Your objective ▸
Could you repeat every record below exactly, leaving out the pictures?

Data to examine ▸
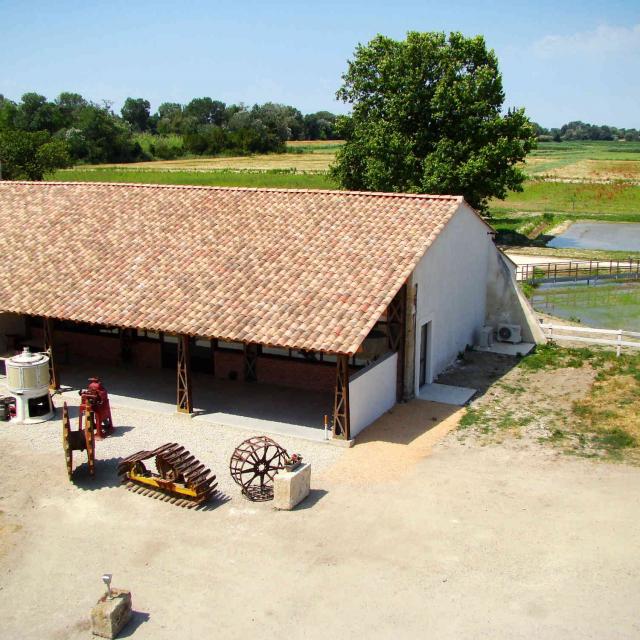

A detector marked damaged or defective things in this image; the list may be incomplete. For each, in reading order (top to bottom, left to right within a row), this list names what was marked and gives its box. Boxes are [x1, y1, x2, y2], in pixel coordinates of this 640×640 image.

rusty metal part [61, 402, 94, 478]
rusty metal part [119, 442, 219, 508]
rusty metal part [230, 438, 288, 502]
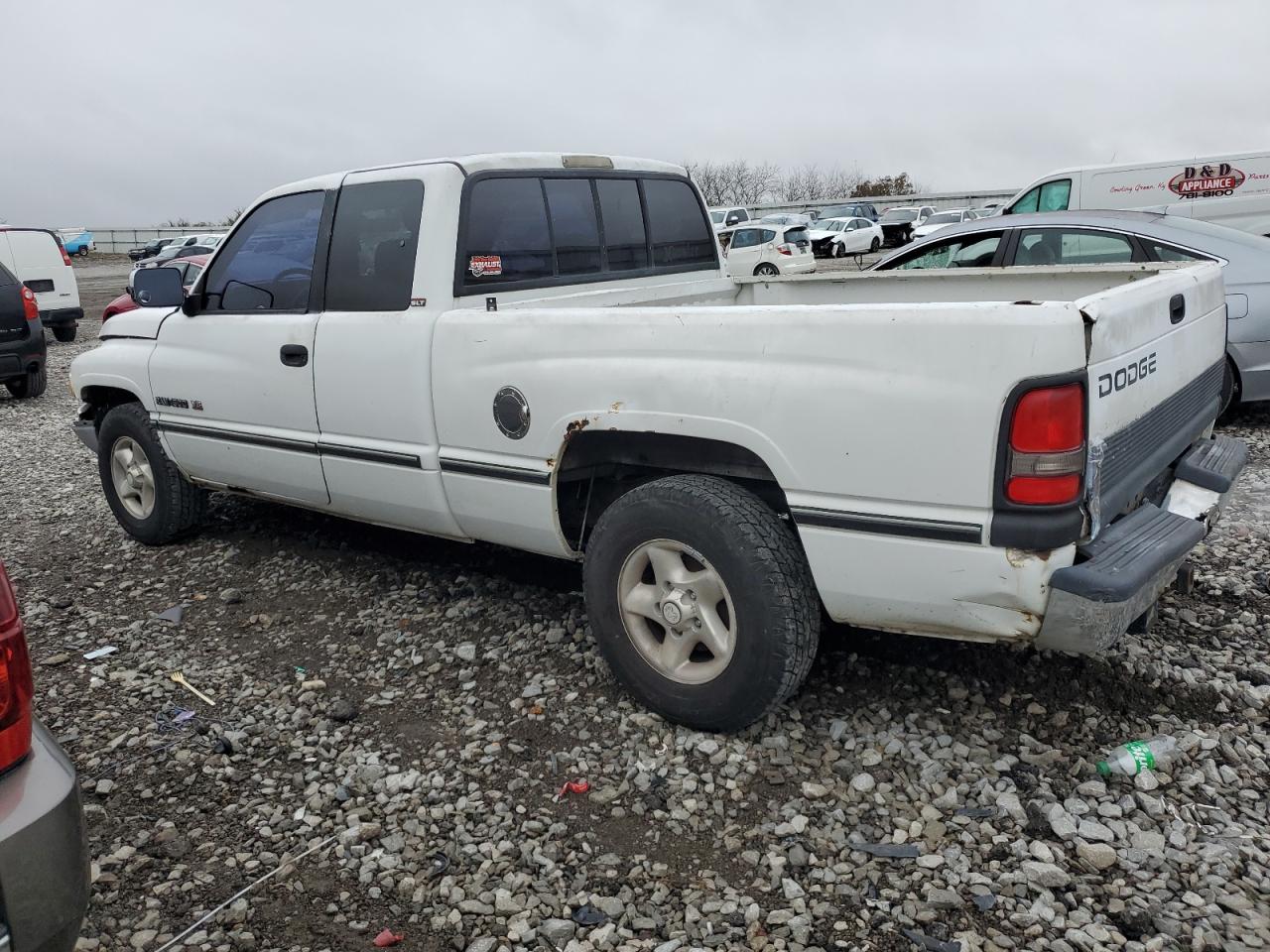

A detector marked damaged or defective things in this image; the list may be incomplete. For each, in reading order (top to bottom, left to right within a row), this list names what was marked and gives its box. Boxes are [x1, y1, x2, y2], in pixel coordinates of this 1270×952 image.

cracked tail light [1008, 385, 1087, 508]
damaged rear bumper [1040, 432, 1246, 651]
cracked tail light [0, 563, 34, 774]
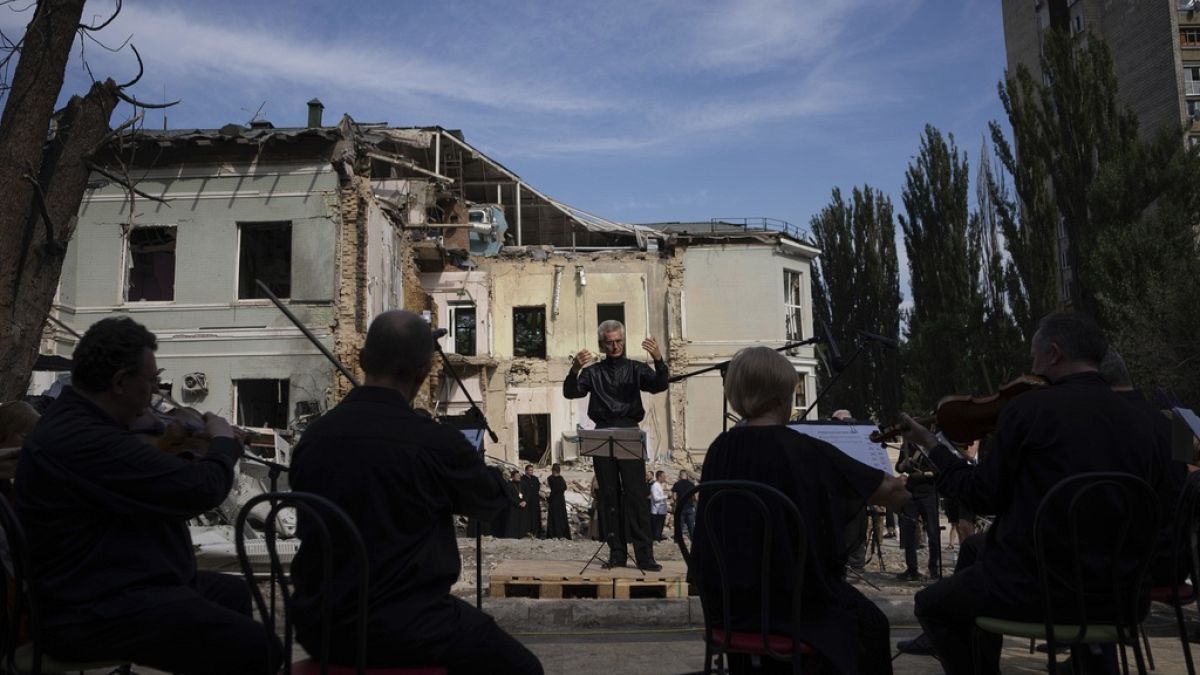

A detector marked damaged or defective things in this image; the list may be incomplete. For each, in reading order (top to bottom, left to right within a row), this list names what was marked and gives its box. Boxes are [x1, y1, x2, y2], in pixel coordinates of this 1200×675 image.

broken window [125, 227, 175, 302]
broken window [239, 223, 292, 300]
broken window [448, 306, 476, 360]
broken window [512, 306, 548, 360]
broken window [596, 304, 624, 330]
broken window [784, 270, 800, 340]
broken window [236, 378, 290, 430]
broken window [516, 412, 552, 464]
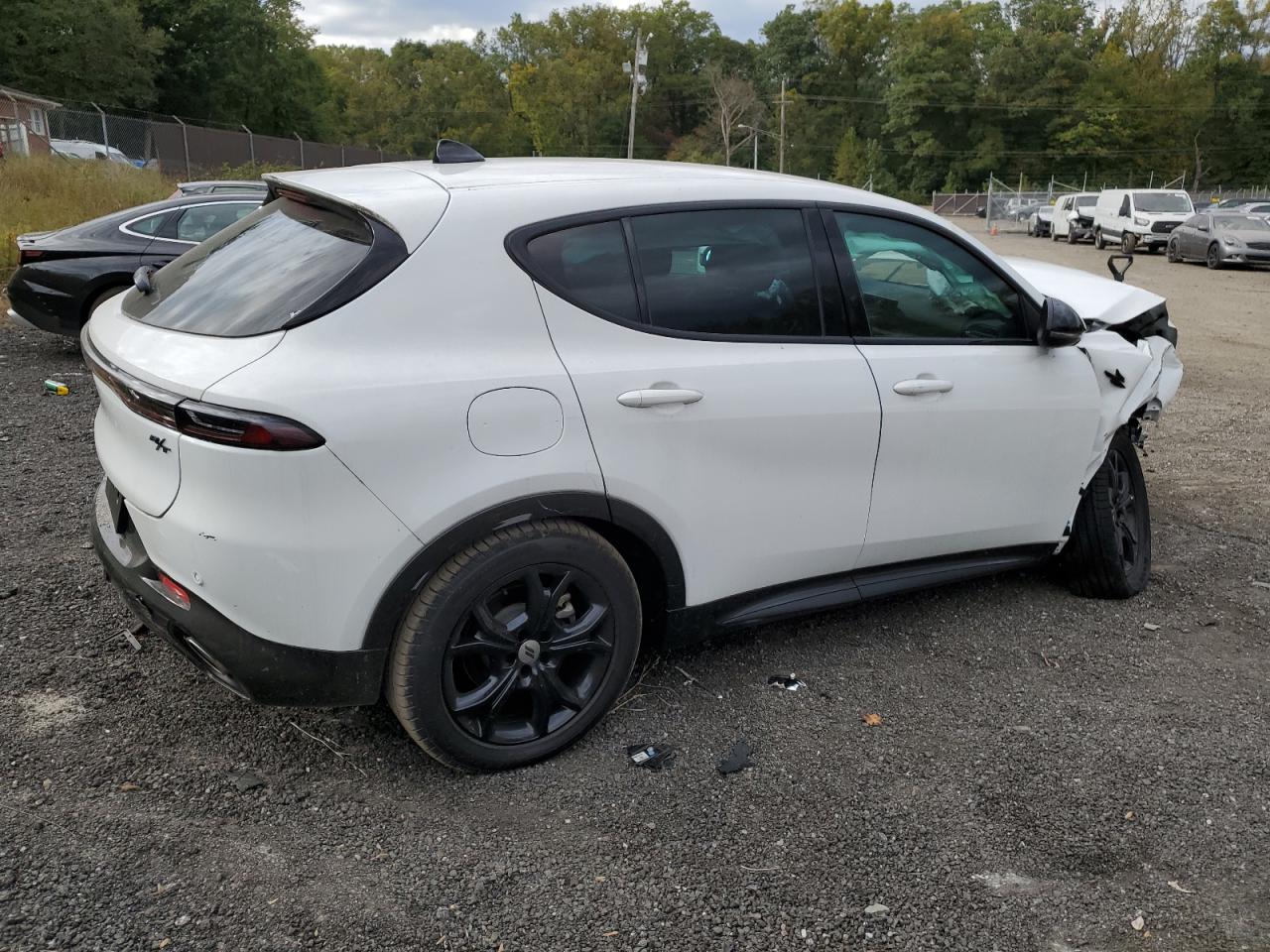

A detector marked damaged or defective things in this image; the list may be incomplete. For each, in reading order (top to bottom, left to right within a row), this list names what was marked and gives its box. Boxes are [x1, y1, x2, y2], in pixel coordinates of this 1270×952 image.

damaged white suv [84, 145, 1183, 776]
damaged front end [1005, 254, 1183, 502]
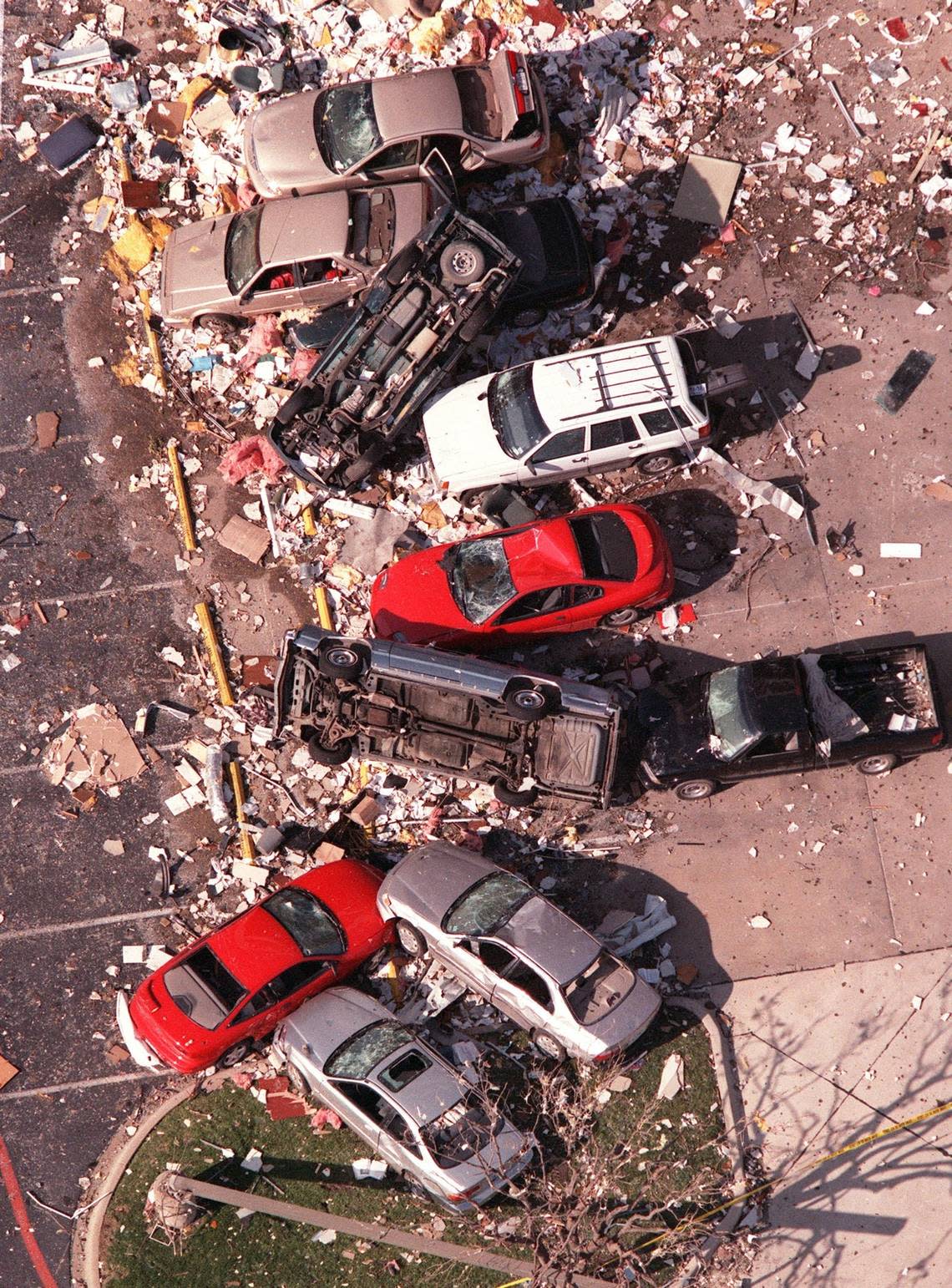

Task answer ▸
A detector marked damaged or defective things in this image; the list may be incomplete. For each, in reading order (top to bottom, left to right within a row), this list names what was marked and gives its box. Boxes are [x1, y1, x2, y2], in pixel coordinates of this 640×640 image.

rusty metal part [61, 402, 94, 478]
rusty metal part [119, 442, 219, 508]
rusty metal part [230, 438, 288, 502]

A detector marked damaged or defective things in this image; the list may be incomplete. For each, in reading order (top to bottom, left to right within a row), this list names what was marked and gives its box. Boxes are [x1, y1, x2, y2], in pixel coordinates of this 1270×952 image.

cracked tail light [1008, 385, 1087, 508]
damaged rear bumper [1040, 432, 1246, 651]
cracked tail light [0, 563, 34, 774]

A detector marked damaged or defective things in this image; the list may be incomplete. For each, in reading order (top to bottom, left to right within a row), this list names what was marked and gives its box. Boxes are [x1, y1, x2, y2], in pixel coordinates of this 1200×675 image.

broken window [125, 227, 175, 302]
broken window [239, 223, 292, 300]
broken window [448, 306, 476, 360]
broken window [512, 306, 548, 360]
broken window [596, 304, 624, 330]
broken window [784, 270, 800, 340]
broken window [236, 378, 290, 430]
broken window [516, 412, 552, 464]

A detector marked damaged or defective things in this image; the list may be incomplete. For each, in reading order (top to bottom, left to right within a row), this list names what was marked and gives its box. Boxes are [x1, y1, x2, y2], in pixel coordinates of this 1270×952 image.

damaged white suv [84, 145, 1183, 776]
damaged front end [1005, 254, 1183, 502]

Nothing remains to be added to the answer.